In the course of the second and first centuries BCE the Prophets and the Writings were also turned into Greek and the Septuagint was further enriched by the Apocrypha, some of which was originally composed in Greek (Wisdom of Solomon, 2 Maccabees), others being translations into Greek from Hebrew (e.g. the Wisdom of Ben Sira or Sirach and others) or Aramaic (possibly Tobit).
Contrary to the claim of Philo, the Septuagint is not always a strictly literal rendering. To bring the Greek closer to the Hebrew, in the second century CE three new Greek versions were produced.

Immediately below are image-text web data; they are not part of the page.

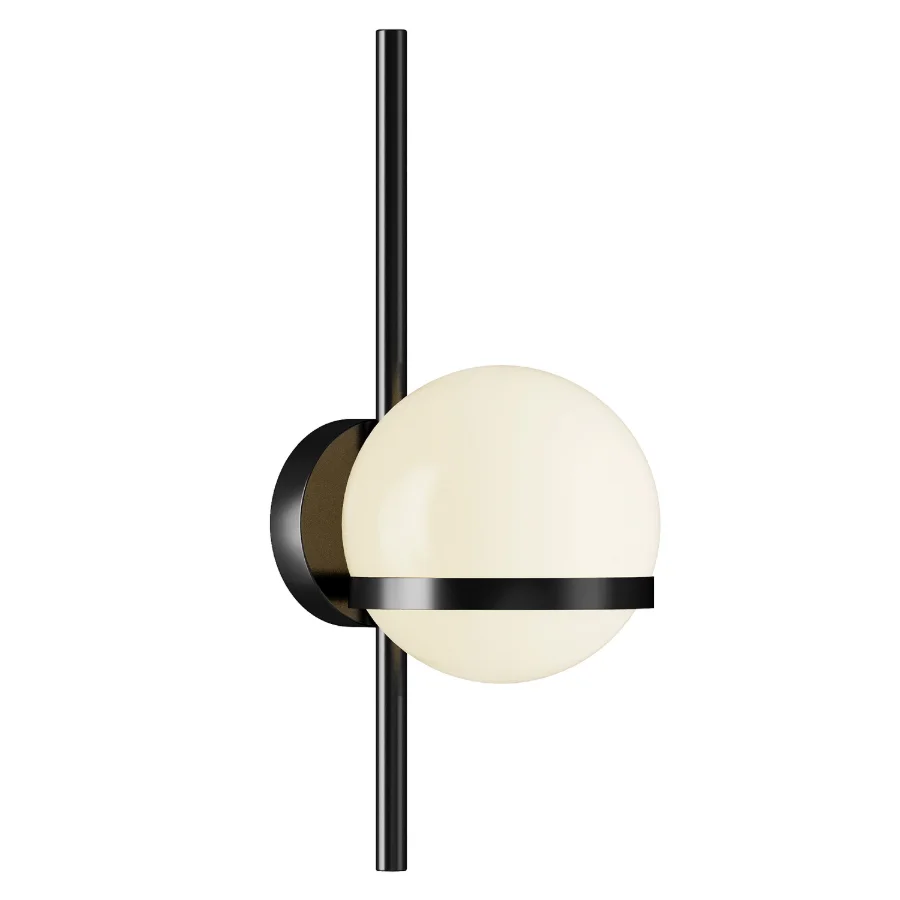Nordic Wall Light Modern Creative Glass Wall sconce - Image 3
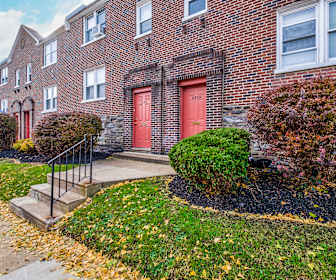 Carnation Apartments, Upper North District, Philadelphia, PA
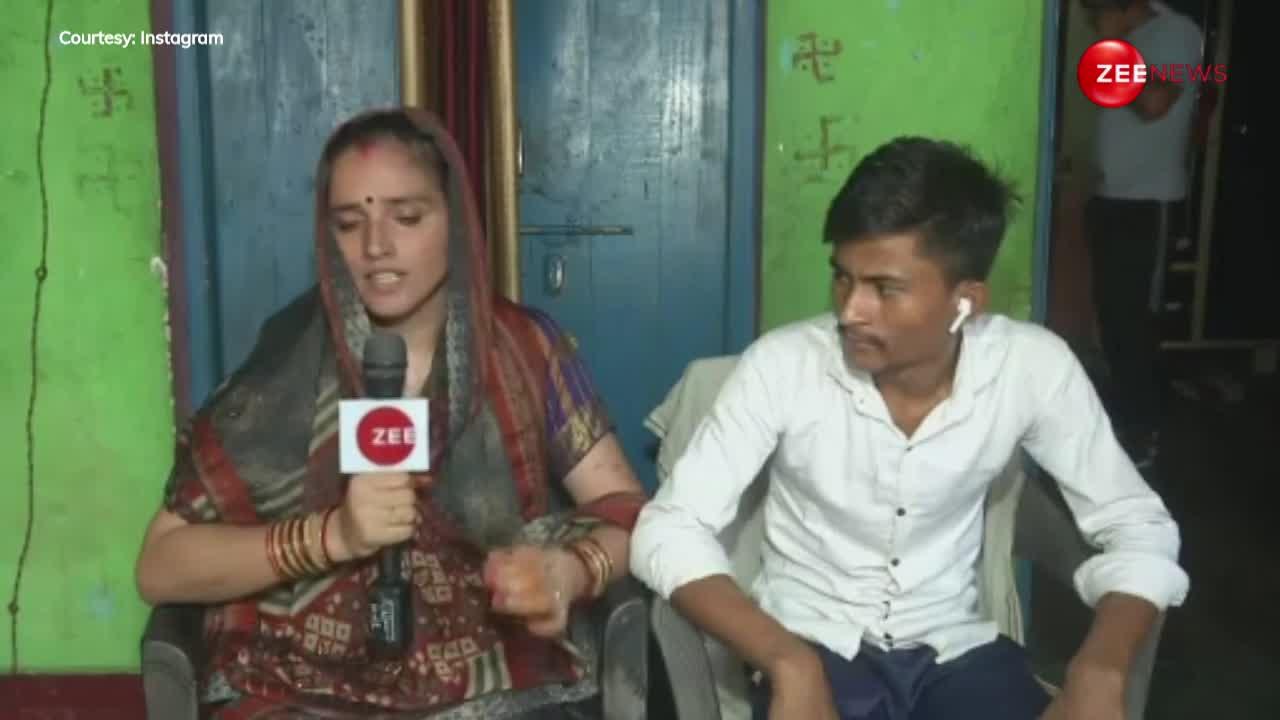 Seema Haider Video: पाकिस्तान में बैठे इस शख्स के लिए ये क्या कह गईं सीमा, सचिन की भी हो गई बोलती बंद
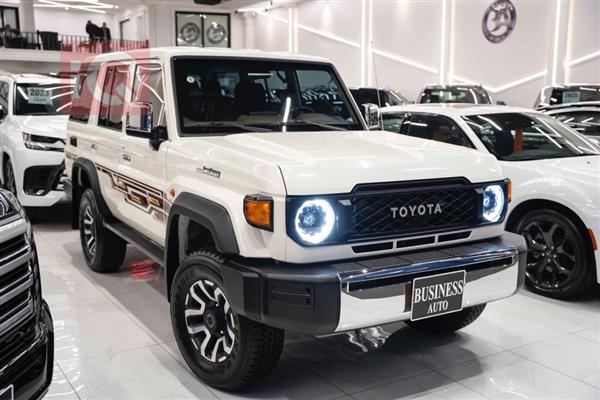 Toyota Land Cruiser 70 2025 for sale in Iraq - Erbil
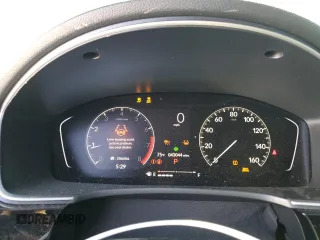 2022 Honda Civic EX-L z VIN 19XFL1H76NE001953, wystawiony jako Copart lot #50434255 z przebiegiem 43 044 mil mil oraz Szkoda całkowita • Salvage title. Historia ofert i sprzedaży dostępna na DreamBid. Obrazek 9.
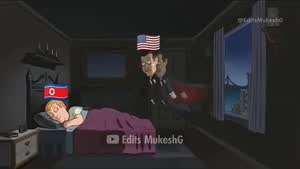 미국이 북한을 침공하지 않는 이유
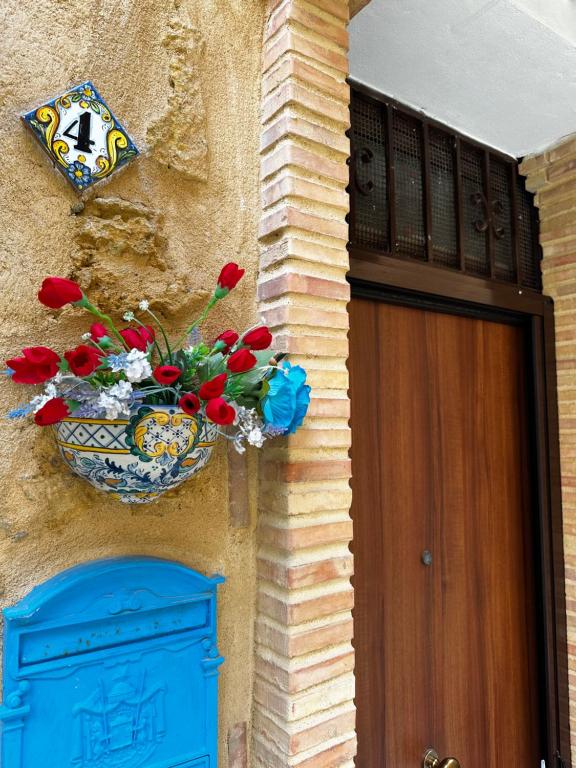 Fotografie z fotogalerie ubytování O munti rooms v destinaci Agrigento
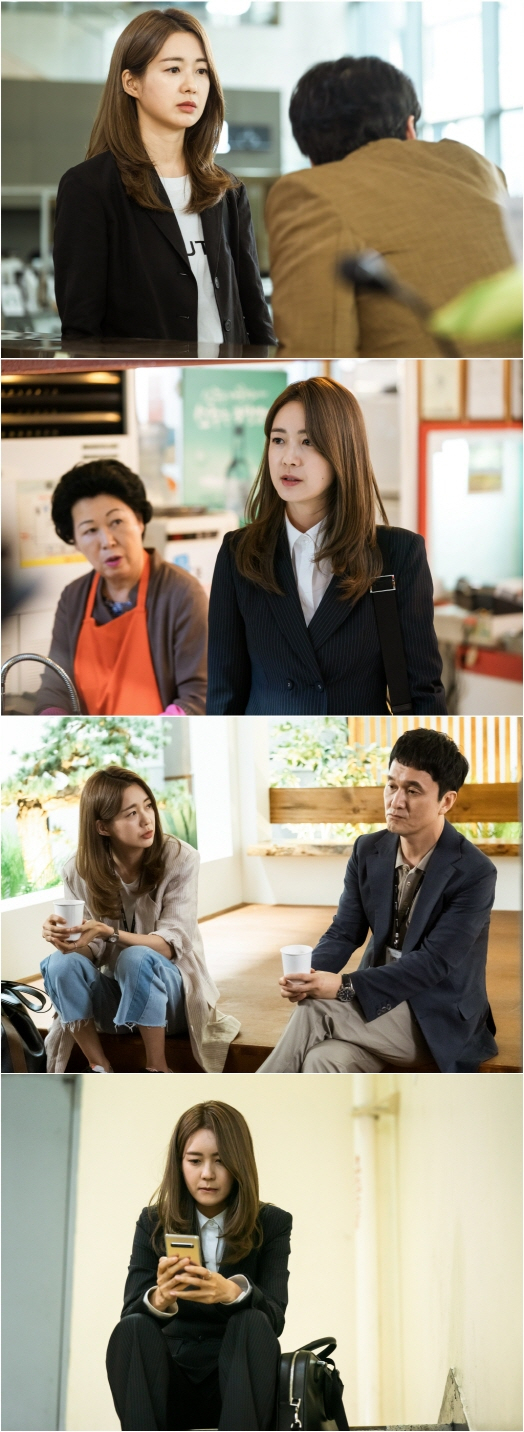 사진. OCN 달리는 조사관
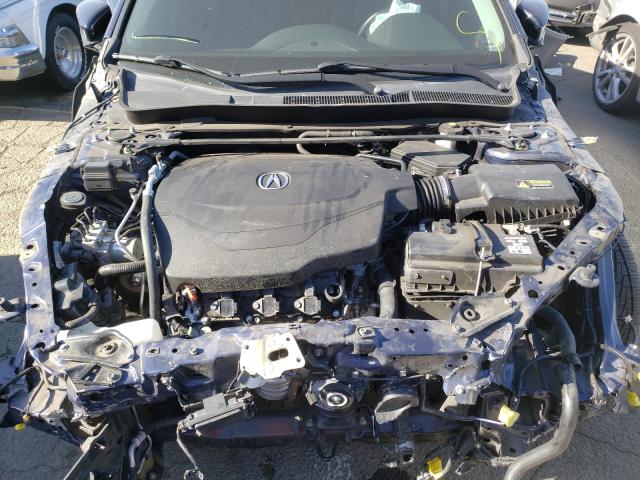 Photo 6 VIN: 19UUB3F72HA003569 - ACURA TLX ADVANC 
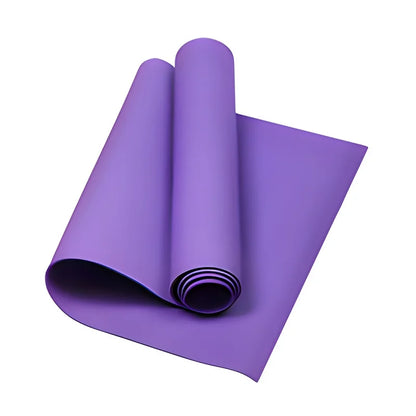 Yoga Mats Anti-slip Sport Fitness Mat Blanket For Exercise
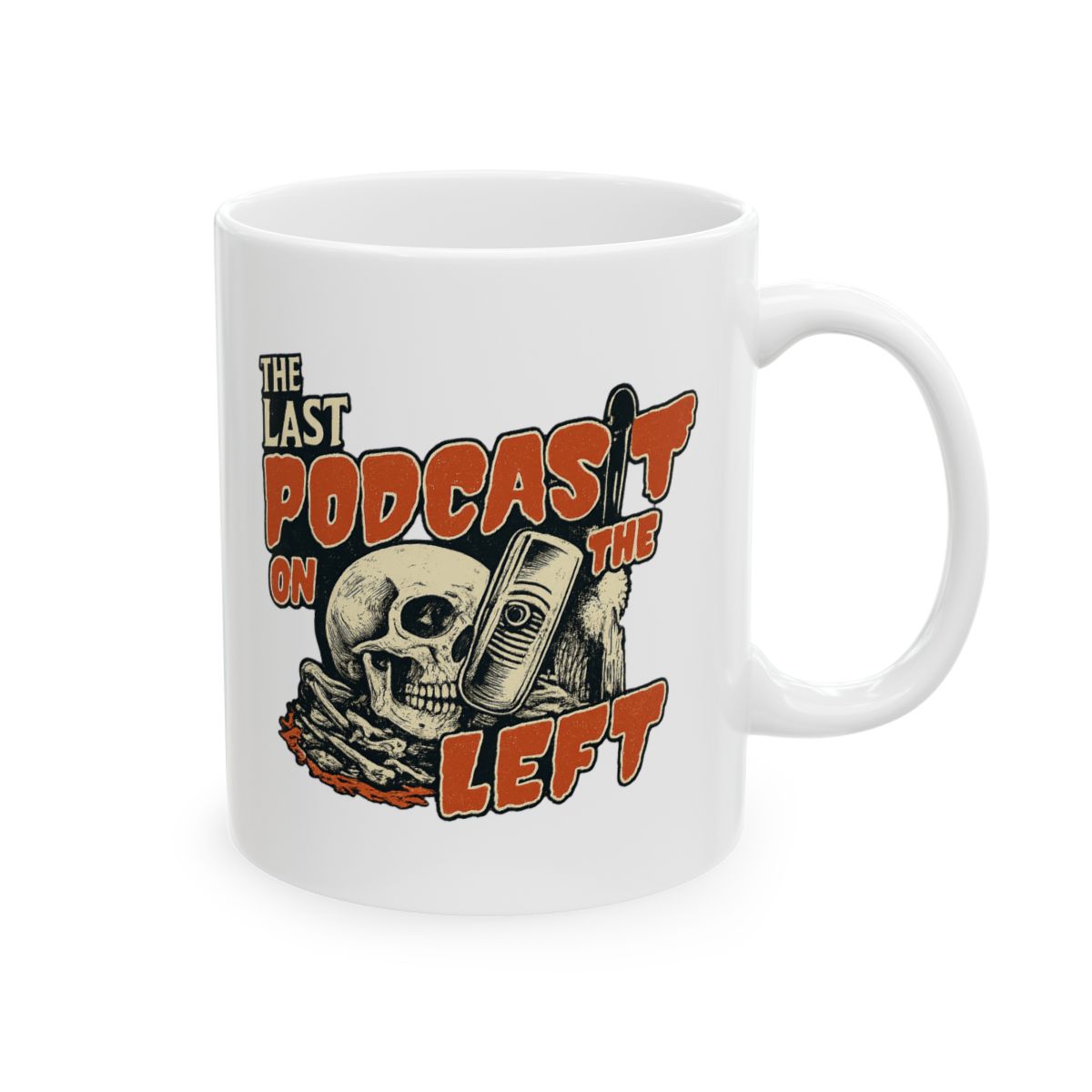 New Era Logo Crest | Designer Mug, Branding Gift, Office Cup - Official mugs merchandise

Before the discovery of the first Qumran scroll in 1947, no Hebrew manuscript of the Bible belonging to the age of Jesus was known, with the sole exception of the small Nash papyrus containing the Ten Commandments and other scriptural extracts, and dated from between the mid-second century BCE and the first century CE. No rules relating to the making of biblical manuscripts have been preserved before the Talmud and the post-Talmudic tractate on the Scribes, the Massekhet Soferim. With the discoveries at Qumran, Masada, and other caves in the Judaean desert, we have now a considerable amount of written documents on leather and papyrus. They offer direct evidence of what ancient Hebrew manuscripts were like. Qumran alone has yielded remains of 930 original documents. We can now deduce from concrete evidence how they were manufactured.